Dodge’s supercharged Hellcat Hemi V-8 is roaring into the sunset. We’ll miss it.
Seven hundred and seven. Even jaded by the hypercar arms race and what had become relatively mainstream 400-plus-horsepower sedans, we gasped at the sheer audacity of the Dodge Challenger Hellcat when it was unveiled nearly a decade ago. You mean it’s actually streetable with that much power? And they’re selling it for HOW much? We were, in a word, floored.
Then we floored the accelerator, and the experience dropped our jaws yet again. The supercharger’s whine, the blatty exhaust, the absurd thrust despite its substantial mass, the absolute joy we felt as a city block warped by. We laughed, we high-fived, we smoked the tires until they cried. Everyone who drove one did. How could you not?
Dodge’s Hellcat models simply redefined American performance in a way no Chevrolet Corvette ever could. While the Corvette has always been a performance bargain, the equally value-packed Hellcats were performance statements. Humble, affordable American iron transformed into perhaps the most brash and outrageous cars to ever ply public roads via a classic hot-rodding move: a big ol’ blower. The 2.4-liter twin-screw IHI supercharger displaced more air than the entire engines of many four-cylinder cars, stuffing 11.6 psi of boost into a 6.2-liter Hemi V-8. In 2014, we tested a Challenger Hellcat to 60 mph in 3.7 seconds on the way to an 11.7-second quarter mile. The numbers still impress. Honestly, Dodge could have revealed the Hellcat today with its original performance figures and we’d still gush.
But the greatest aspect of the Hellcat mystique is that Dodge could never leave well enough alone. Its engineers kept finding more power—little bits at first, then great roaring gobs of it—efforts that spawned super Hellcats with provocative names like Demon and Jailbreak. The irreverence of the Hellcat, stubbornly promoting the hooligan demographic, kept it fresh. And what was in the engine bay kept an increasingly archaic and portly platform alive well past its expiration date.
The Hellcat became a cultural touchpoint in a way nothing else in the automotive enthusiast realm could. The Mustang Shelby GT500 and the Camaro ZL1 are fantastic sports cars that can mop the floor with a Hellcat in multiple dynamic metrics, but neither of those specific models possess even a fraction of the Hellcat’s broader influence on the American psyche.

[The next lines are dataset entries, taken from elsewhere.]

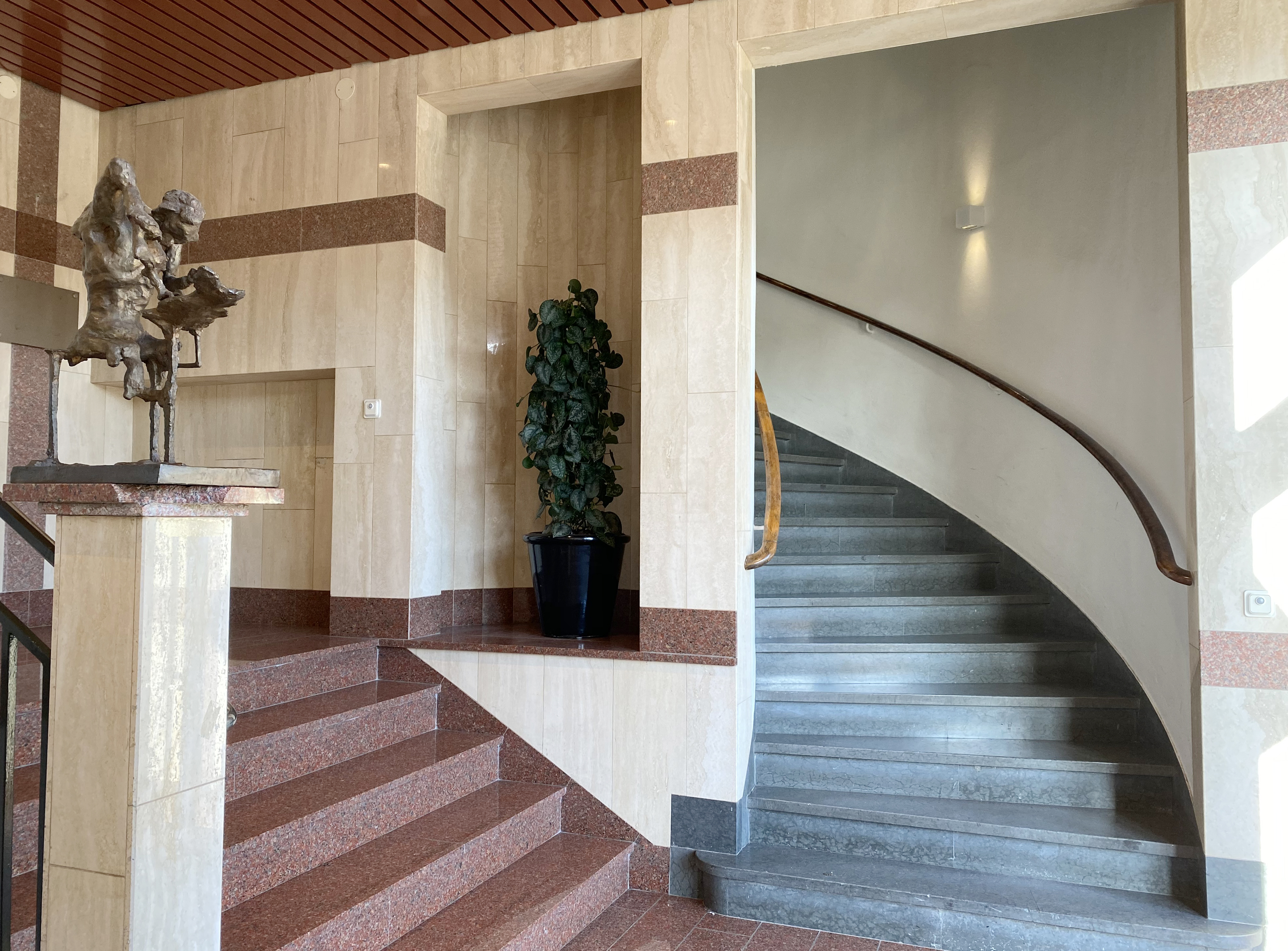 Entré på Mölndalsvägen 91 i Krokslätt i Göteborg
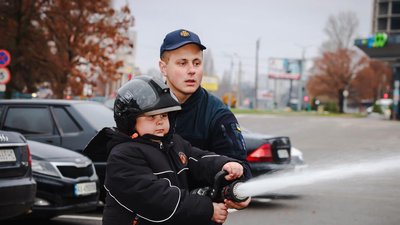 Артем із рятувальником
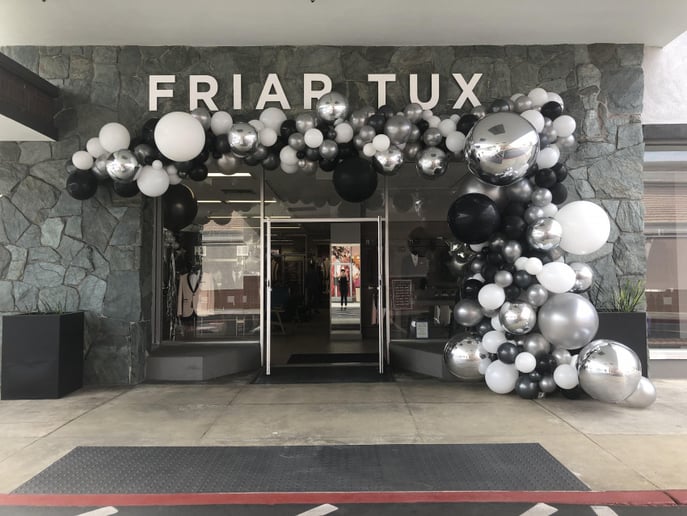 Gallery photo 9 of Balloonzilla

That’s because the Hellcat is the perfect distillation of what Dodge does best: pinpoint a customer’s fantasy and then overdeliver on the experience, all while catering to that person’s cultural sensibilities. With a few smart (or terrible, depending on your point of view) financial decisions, virtually anyone can still walk out of a Dodge dealership with a shiny new Hellcat and take instant satisfaction in its raw, unapologetic brute power. You’re winning bar arguments instantly. You can drive to the strip and lay down a time that used to require barely streetable, barely idling engines. You can make all the delightful noises you’ve always dreamed of—intense blower whine and burly, rumbling exhaust notes—without turning a single wrench. (Imagine what the engine could do if you did, though!) Any stoplight can be an experience. It’s everything a good chunk of the gasoline-blooded car crowd ever wanted and more, right there for the taking.
Dodge decided not to take the competition head on, and it paid off as the Hellcat’s magic trickled down to almost every Charger and Challenger on the road—lending them all a hint of menace and adventure. Consider the aura around the humble splitter guard. What other than a Hellcat could have made a bit of protective shipping material into a sort of insider calling card of cool?
As the ultimate Hellcat goes out with an alcohol-fueled horsepower bender, it’ll wake up with an electric hangover of sorts. The outrageous output potential of some high-end EVs has muted the impact of massive horsepower figures. A pickup truck (!) with 835 hp (!!) and 905 lb-ft of torque (!!!) that can do 60 mph in the low 3s (!!!!) recently took home some MotorTrend Calipers, after all. The core Hellcat demographic might not be interested in electric performance, no matter how outrageous, but the paradigm has shifted. The Dodge Charger Daytona SRT EV will have the tough task of trying to match the Hellcat’s expert balance of performance heritage and rowdy fun without the benefit of all the familiar dino-juice tricks. (The Fratzonic “exhaust” being the most obvious and audacious attempt to bridge the gap.)
However the next era goes, the Hellcat will forever serve as a reminder that unruly performance doesn’t have to be so serious, so focused on dynamic excellence. The Hellcat democratized extreme power. It supercharged Main Street. It will be missed.